## Data
· · · · ·

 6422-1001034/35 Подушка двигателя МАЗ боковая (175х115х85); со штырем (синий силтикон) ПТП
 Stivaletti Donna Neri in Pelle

· · · · ·

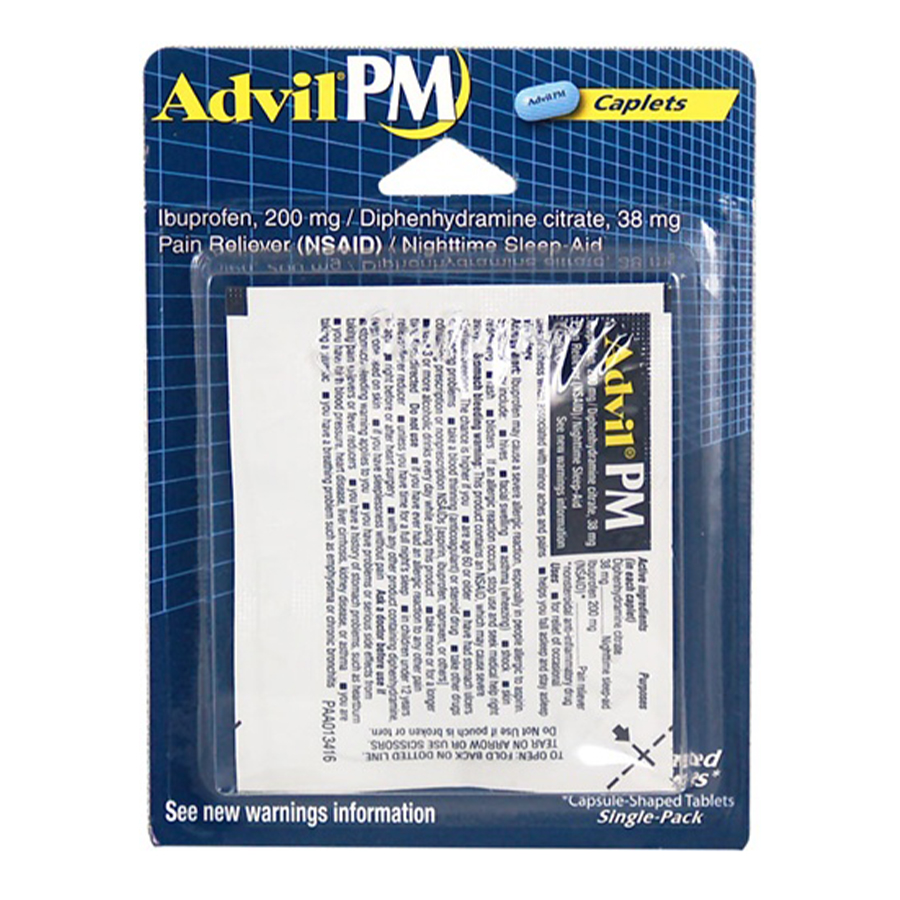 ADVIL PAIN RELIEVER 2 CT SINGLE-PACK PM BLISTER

· · · · ·

## To do
Look through the data above and return exactly the lines from the one that contains "6422-1001034/35 Подушка двигателя" to the one that contains "Stivaletti Donna Neri in Pelle", inclusive, with nothing else.

## Response
 6422-1001034/35 Подушка двигателя МАЗ боковая (175х115х85); со штырем (синий силтикон) ПТП
 Stivaletti Donna Neri in Pelle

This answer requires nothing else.